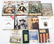 CIVIL WAR BOOK AND MEMORABILIA LOT OF 12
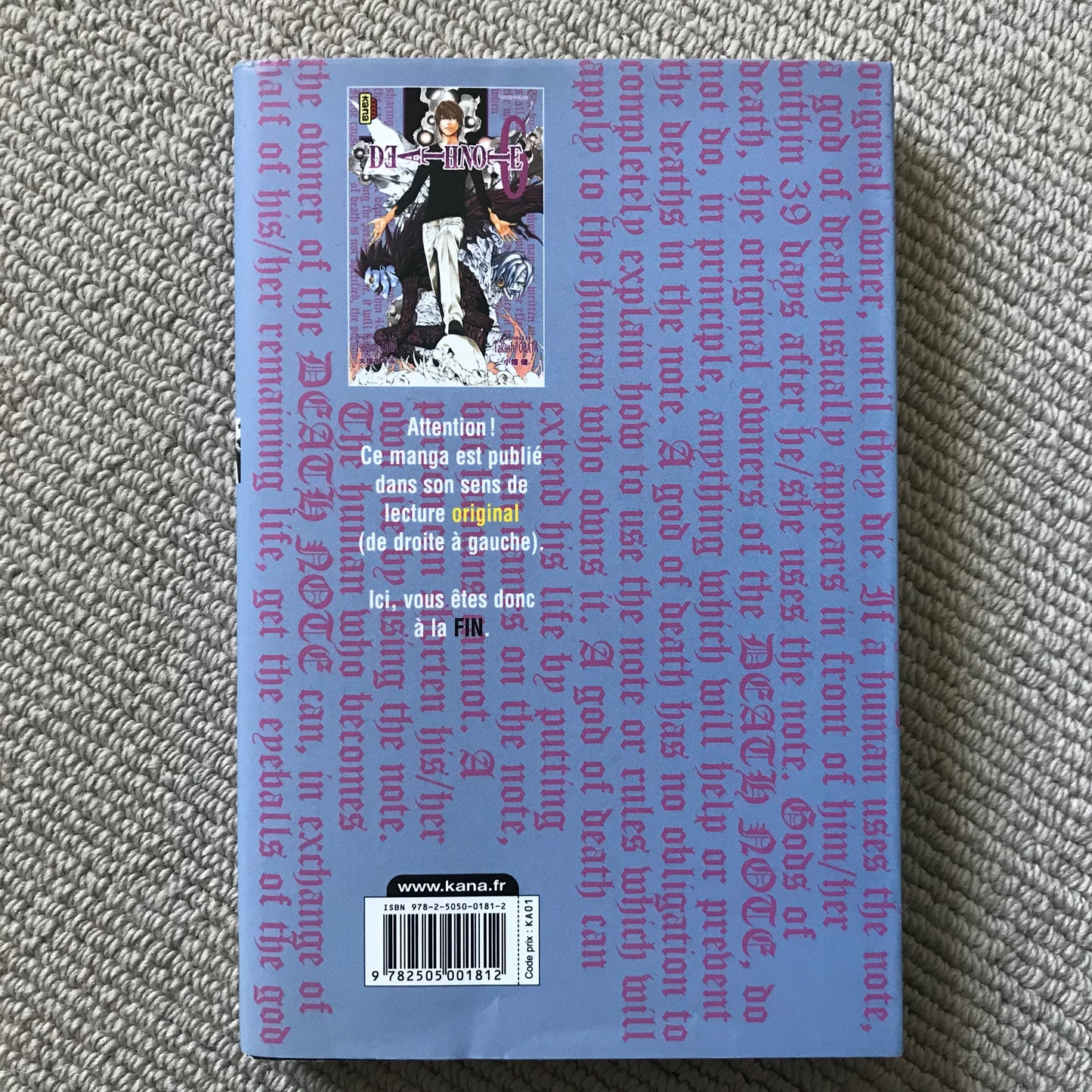 Death Note T. 06 - Tsugumi Ohba & Takeshi Obata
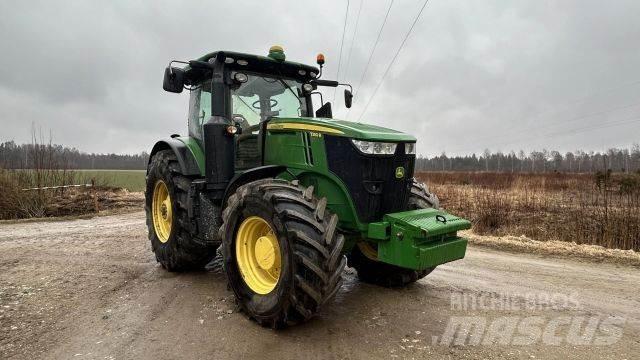 John Deere 7250R Traktorid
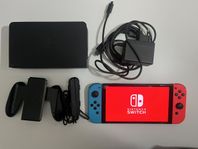 Nintendo switch oled inkl tillbehör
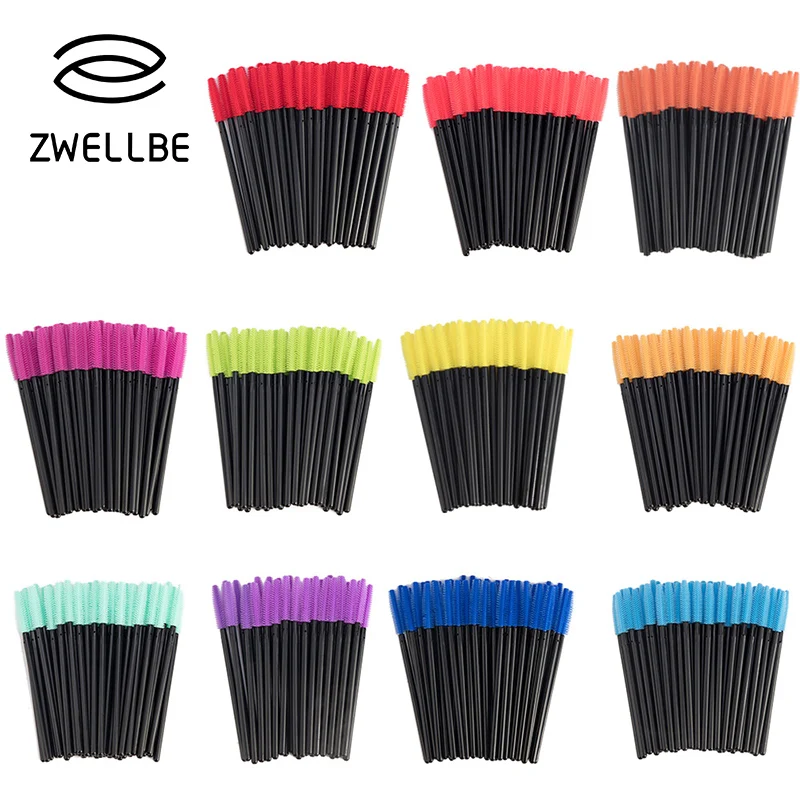Disposable 50Pcs/Set Silicone Gel Eyelash Brush Eyelash Extension Mascara Wand Applicator Spoolers Eye Lashes Beauty Makeup Tool
Disposable 50Pcs/Set Silicone Gel Eyelash Brush Eyelash Extension Mascara Wand Applicator Spoolers Eye Lashes Beauty Makeup Tool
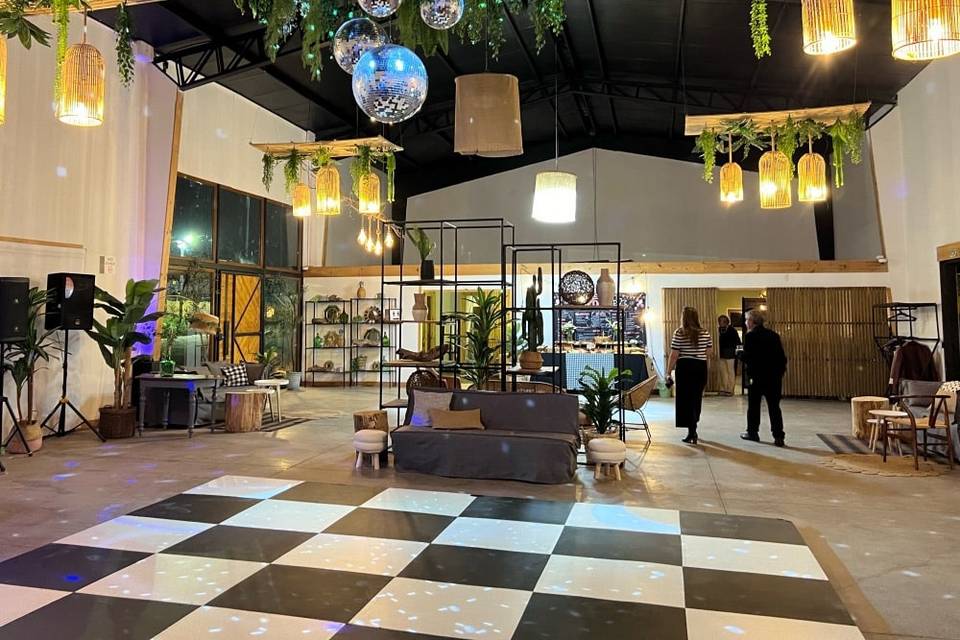 Chicureo Barn, Centros de Eventos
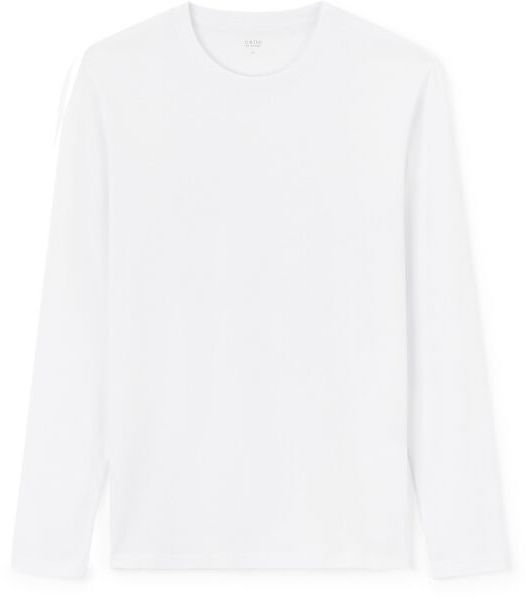 CELIO TEBASEML Pánske tričko, biela, veľkosť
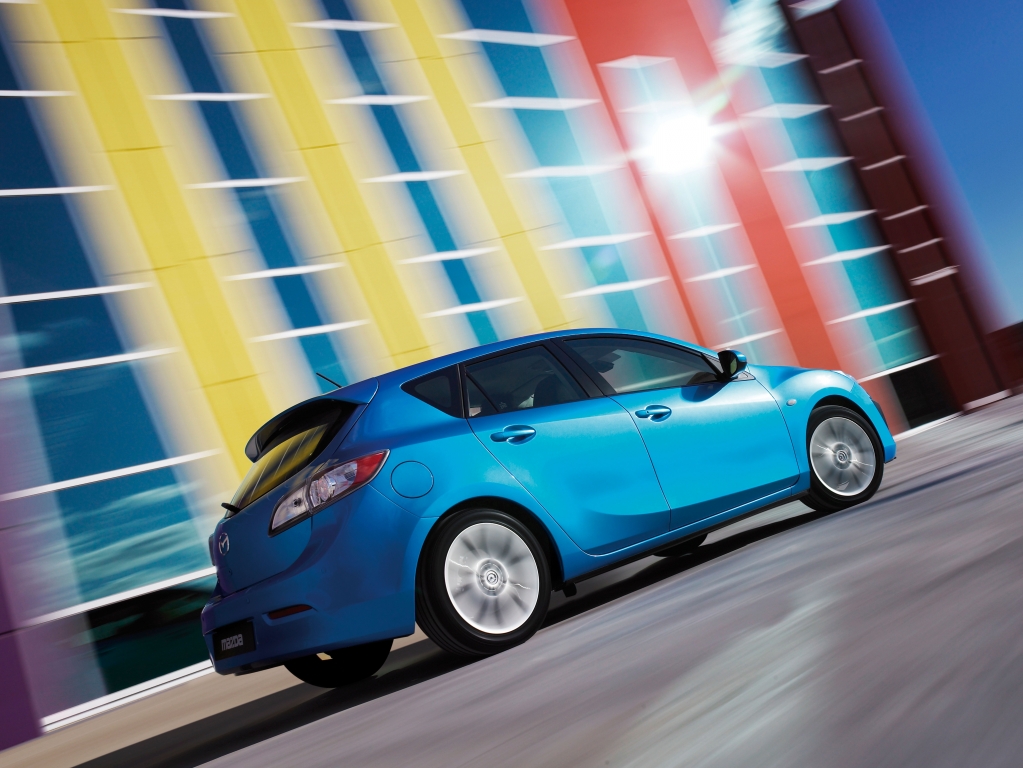 Active-Sonderserien für Mazda 3 und Mazda 6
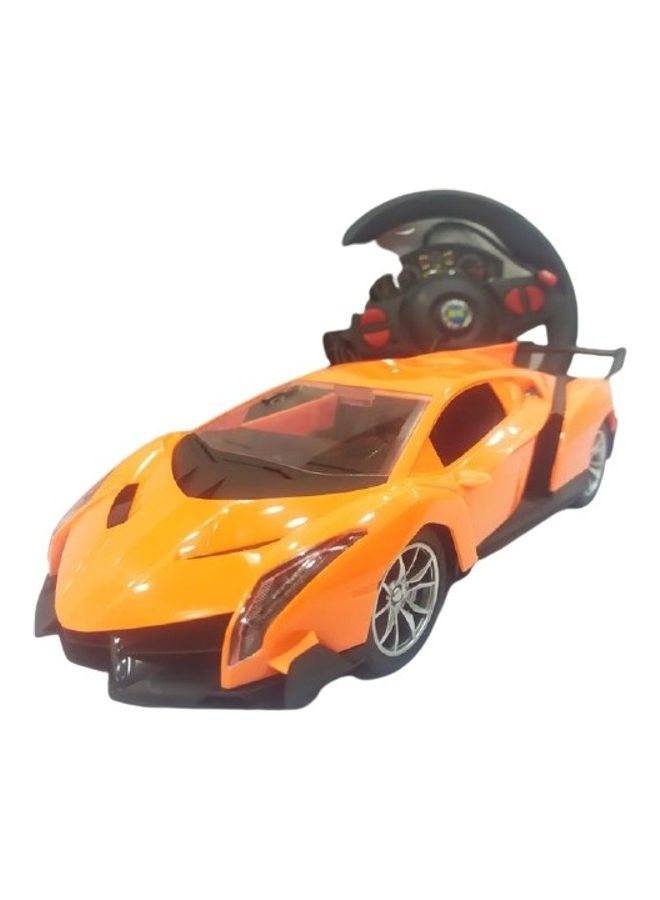 XF - Gravity Sensor Car With Steering Wheel Controlled Toy - Image 1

--

** Exercise prompt **
Every line from the one bearing "John Deere 7250R Traktorid" through the end of the data above must be output exactly, and no picture may appear.

** The completed task **
 John Deere 7250R Traktorid
 Nintendo switch oled inkl tillbehör
Disposable 50Pcs/Set Silicone Gel Eyelash Brush Eyelash Extension Mascara Wand Applicator Spoolers Eye Lashes Beauty Makeup Tool
Disposable 50Pcs/Set Silicone Gel Eyelash Brush Eyelash Extension Mascara Wand Applicator Spoolers Eye Lashes Beauty Makeup Tool
 Chicureo Barn, Centros de Eventos
 CELIO TEBASEML Pánske tričko, biela, veľkosť
 Active-Sonderserien für Mazda 3 und Mazda 6
 XF - Gravity Sensor Car With Steering Wheel Controlled Toy - Image 1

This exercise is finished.